This book is only about the formal state in a more system-theory-based ecological democratic theory of politics and the kinds of constitutions that protect democracy and ecology simultaneously instead of thinking of these separately.

Preface mentions that another book is planned dealing with the other three kinds of social power: scientific, financial, and consumptive-economic organizational power.

The book introduces 3 concepts, proposed as advances in ecological theory:

At the micro-level: Ecological Self-Interest

“A people’s self-interest is additionally geographically specific and protective of a particular geography, leading to an environmental proxy based politics where human health, ecological, and economic externalities from ecological degradation are effected in human political pressures.”

“Citizen feedback is always in and from particular geographic spaces and human-environmental contexts.”

At the meso-level: Ecological Tyranny

"Environmental degradation is created by formal illegitimacy of existing democratic institutions because current, corrupt, gatekept, states are far more the facilitators of environmental degradation and human immiseration through it instead of being feedback mechanisms against environmental degradation and reduction of suffering.

Any gatekeeping by informal political parties against sustainable politics is an ecological tyranny.

An ecological tyranny represses all environmental feedback from citizens by ongoing unrepresentative state policies trying to demote regional/personal attempts to reduce externalities created."


At the Macro-level: Ecological Contract

Quote: “The bioregional state is a formal facilitation framework that checks and balances against informal corruptions and informal gatekeeping in formal democratic states, when informal parties attempt to repress instead of represent the politics of particular geographically situated citizens that want to influence state development by removing human, ecological, and economic externalities they are experiencing.”

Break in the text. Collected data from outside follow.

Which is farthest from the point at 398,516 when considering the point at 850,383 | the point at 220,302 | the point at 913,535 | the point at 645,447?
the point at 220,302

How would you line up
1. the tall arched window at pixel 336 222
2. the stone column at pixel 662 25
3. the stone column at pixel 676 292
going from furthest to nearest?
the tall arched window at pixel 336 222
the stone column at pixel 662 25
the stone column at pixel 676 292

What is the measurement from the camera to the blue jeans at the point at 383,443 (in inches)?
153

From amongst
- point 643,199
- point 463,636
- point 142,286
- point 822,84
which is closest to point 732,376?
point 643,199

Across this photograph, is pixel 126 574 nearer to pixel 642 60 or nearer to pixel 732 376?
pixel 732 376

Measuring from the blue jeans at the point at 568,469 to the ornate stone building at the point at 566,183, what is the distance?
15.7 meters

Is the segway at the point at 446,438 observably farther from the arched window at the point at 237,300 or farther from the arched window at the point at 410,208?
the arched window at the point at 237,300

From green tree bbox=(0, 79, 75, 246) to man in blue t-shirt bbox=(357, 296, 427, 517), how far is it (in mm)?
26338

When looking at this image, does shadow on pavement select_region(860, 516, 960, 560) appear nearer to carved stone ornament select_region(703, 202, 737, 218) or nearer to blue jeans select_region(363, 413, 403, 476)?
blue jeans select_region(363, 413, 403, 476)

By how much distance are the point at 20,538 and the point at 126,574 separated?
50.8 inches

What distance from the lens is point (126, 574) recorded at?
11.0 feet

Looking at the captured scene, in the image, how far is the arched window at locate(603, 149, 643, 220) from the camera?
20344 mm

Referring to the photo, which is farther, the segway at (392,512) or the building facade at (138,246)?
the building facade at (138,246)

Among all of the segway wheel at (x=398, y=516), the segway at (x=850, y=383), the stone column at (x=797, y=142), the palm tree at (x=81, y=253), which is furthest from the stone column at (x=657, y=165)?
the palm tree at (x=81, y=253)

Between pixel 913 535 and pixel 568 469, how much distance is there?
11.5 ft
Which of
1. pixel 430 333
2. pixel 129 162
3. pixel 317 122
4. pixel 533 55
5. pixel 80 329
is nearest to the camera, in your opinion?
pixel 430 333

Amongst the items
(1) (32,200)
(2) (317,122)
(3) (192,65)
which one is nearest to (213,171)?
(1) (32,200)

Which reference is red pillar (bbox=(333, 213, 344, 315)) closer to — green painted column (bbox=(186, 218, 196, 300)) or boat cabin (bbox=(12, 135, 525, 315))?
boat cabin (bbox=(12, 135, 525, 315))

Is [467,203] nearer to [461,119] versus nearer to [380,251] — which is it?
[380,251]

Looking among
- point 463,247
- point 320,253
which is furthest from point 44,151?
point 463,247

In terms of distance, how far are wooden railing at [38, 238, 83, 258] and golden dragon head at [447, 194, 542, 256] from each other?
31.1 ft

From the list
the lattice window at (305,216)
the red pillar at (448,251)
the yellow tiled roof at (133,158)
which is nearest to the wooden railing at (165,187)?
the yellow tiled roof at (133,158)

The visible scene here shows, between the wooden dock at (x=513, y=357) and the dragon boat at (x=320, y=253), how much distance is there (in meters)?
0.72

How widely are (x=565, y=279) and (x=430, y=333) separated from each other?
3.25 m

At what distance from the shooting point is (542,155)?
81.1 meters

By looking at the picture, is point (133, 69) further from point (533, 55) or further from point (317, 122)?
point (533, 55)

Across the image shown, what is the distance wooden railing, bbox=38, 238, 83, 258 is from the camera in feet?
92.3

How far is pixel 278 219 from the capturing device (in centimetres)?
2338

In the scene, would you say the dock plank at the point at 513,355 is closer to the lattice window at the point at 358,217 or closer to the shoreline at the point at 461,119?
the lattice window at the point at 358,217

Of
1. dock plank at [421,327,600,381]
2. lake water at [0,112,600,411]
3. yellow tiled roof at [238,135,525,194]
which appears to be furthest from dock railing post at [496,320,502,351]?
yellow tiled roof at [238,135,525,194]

Rousseau’s Social Contract to Post-Rousseau “Ecological Contract”

Past: Rousseau/Enlightenment era ideas of a mere Social Contract: the purpose of democratic states rely on a mutual agreement between citizens to obey the government and government’s duty to protect citizens and make decisions based on the common good or “general will,” instead of only work for elites.

Present and Future: Ecological-era ideas of an Ecological Contract are developing: state has equal responsibility to protect people and ecologies simultaneously for the improvement and betterment of both, instead of only maintain abstract equal social rights or only protect polluters."

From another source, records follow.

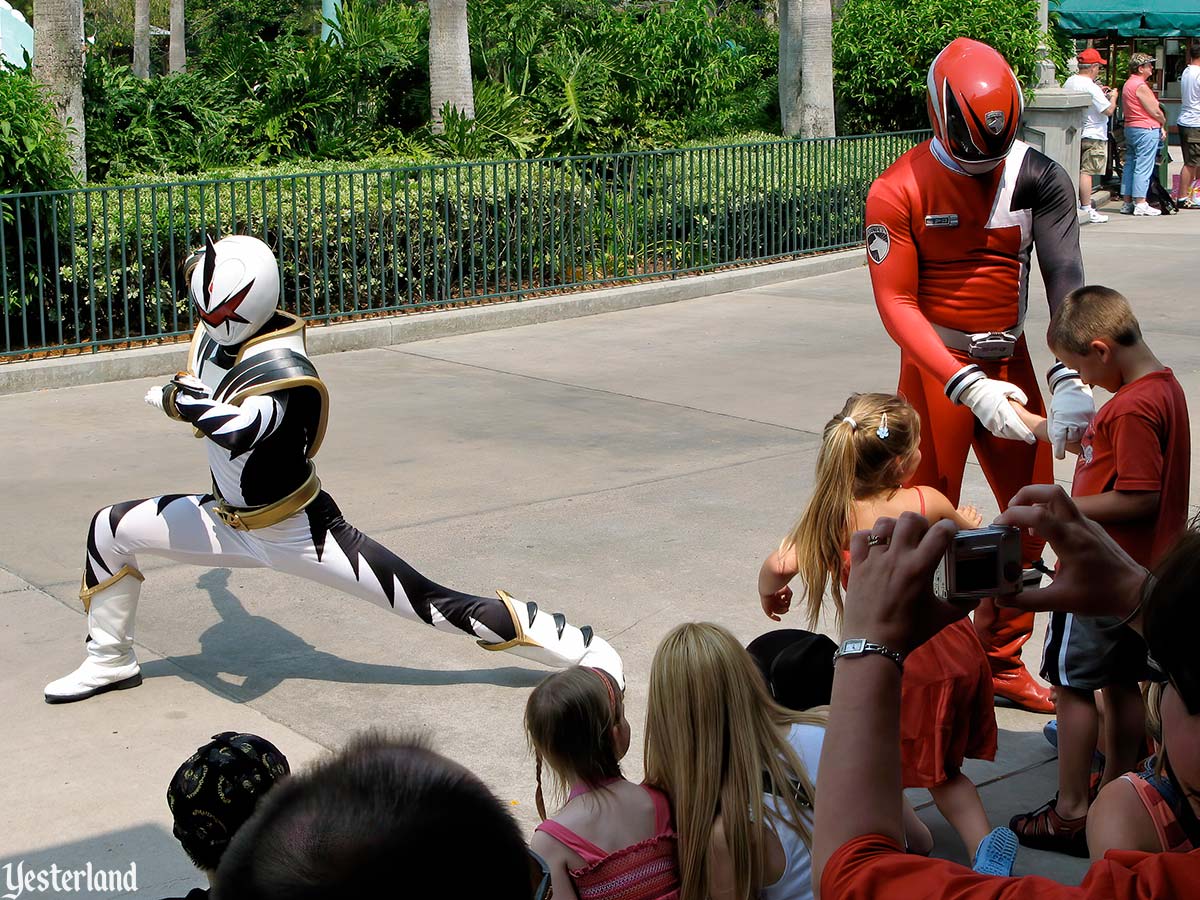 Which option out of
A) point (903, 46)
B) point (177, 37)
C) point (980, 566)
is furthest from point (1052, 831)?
point (177, 37)

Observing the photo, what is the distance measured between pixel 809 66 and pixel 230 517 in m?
12.2

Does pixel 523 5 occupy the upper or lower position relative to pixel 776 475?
upper

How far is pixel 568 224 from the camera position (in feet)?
40.8

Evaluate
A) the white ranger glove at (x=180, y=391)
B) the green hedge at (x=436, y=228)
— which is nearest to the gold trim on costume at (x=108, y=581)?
the white ranger glove at (x=180, y=391)

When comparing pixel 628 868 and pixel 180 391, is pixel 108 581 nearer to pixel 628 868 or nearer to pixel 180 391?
pixel 180 391

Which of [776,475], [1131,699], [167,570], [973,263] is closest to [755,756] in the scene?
[1131,699]

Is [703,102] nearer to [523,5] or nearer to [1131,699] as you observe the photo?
[523,5]

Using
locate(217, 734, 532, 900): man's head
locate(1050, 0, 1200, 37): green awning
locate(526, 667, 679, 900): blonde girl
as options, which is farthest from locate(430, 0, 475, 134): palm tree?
locate(217, 734, 532, 900): man's head

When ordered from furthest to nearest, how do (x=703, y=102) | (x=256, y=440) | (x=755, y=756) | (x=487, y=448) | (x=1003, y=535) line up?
(x=703, y=102), (x=487, y=448), (x=256, y=440), (x=755, y=756), (x=1003, y=535)

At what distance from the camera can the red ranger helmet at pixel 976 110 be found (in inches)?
190

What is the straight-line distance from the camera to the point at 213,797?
2.48 m

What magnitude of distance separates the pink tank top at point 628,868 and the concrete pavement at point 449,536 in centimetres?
105

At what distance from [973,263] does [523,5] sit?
12387mm

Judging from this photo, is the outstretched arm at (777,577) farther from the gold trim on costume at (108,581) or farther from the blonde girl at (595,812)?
the gold trim on costume at (108,581)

The false sense is that the state is only a ‘social’ organization; the bioregional state is a developmental organization and political feedback mechanism for making developmentalism democratic and sustainable.

States are always situated within particular ecologies or across particular ecologies.

Nothing called an abstract or individualized citizen in practice: citizenship and its politics are historically bioregional/watershed-based.

A people’s self-interest is additionally geographically specific and protective of a particular geography, leading to an “environmental proxy” based politics where human health, ecological, and economic externalities from ecological degradation are effected in human political pressure.

An environmental proxy based politics is part of the human condition, instead of a novelty of the 20th~21th century. It has only been expressed through other discourses and manners in the past with ideas/techniques available. (A theme in book Ecological Revolution (2009), reviewed later.)

“Affirmative institutions” are ones designed jurisdictionally to be ecologically aware and facilitative of the particularities of environmental proxy politics.